Exercise prompt:
Transcribe the stretch of entries below from the line with "Khn de Poitrine’s" through the line with "Dardos de latón", exactly and with both ends included; leave out all other lines.

Recorded data:

———

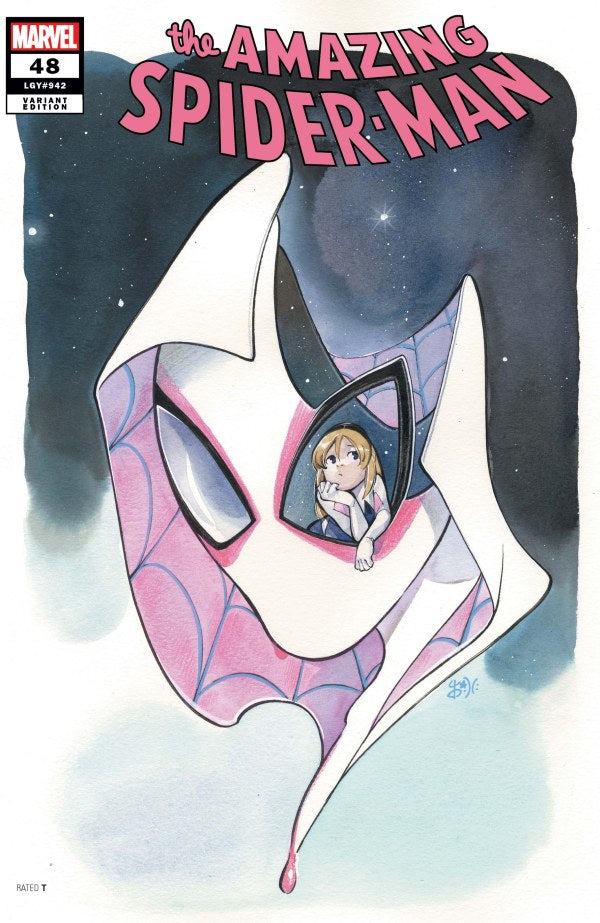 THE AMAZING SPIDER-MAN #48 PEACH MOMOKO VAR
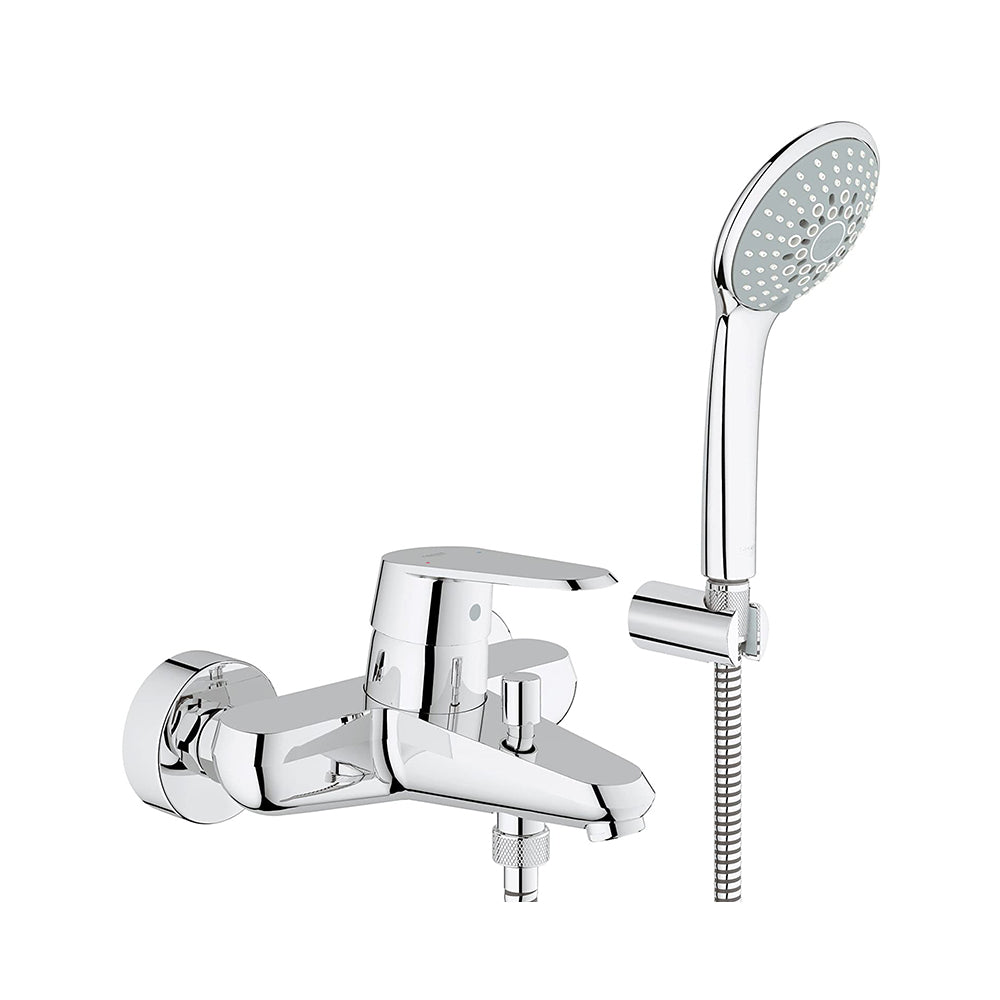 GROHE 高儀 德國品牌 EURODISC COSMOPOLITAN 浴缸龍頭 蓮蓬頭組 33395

———

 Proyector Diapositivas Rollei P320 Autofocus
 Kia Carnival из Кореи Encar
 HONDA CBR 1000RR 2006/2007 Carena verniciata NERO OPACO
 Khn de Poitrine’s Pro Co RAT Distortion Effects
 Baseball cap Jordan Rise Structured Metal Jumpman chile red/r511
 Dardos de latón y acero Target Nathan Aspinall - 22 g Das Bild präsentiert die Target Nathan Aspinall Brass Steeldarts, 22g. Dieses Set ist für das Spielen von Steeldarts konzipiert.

———

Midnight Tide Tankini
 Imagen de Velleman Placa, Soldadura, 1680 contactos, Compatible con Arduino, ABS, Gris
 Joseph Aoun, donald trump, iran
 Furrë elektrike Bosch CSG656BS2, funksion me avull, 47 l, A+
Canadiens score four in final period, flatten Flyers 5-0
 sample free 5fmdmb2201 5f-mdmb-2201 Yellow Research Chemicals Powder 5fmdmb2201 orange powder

———

Task output:
 Khn de Poitrine’s Pro Co RAT Distortion Effects
 Baseball cap Jordan Rise Structured Metal Jumpman chile red/r511
 Dardos de latón y acero Target Nathan Aspinall - 22 g Das Bild präsentiert die Target Nathan Aspinall Brass Steeldarts, 22g. Dieses Set ist für das Spielen von Steeldarts konzipiert.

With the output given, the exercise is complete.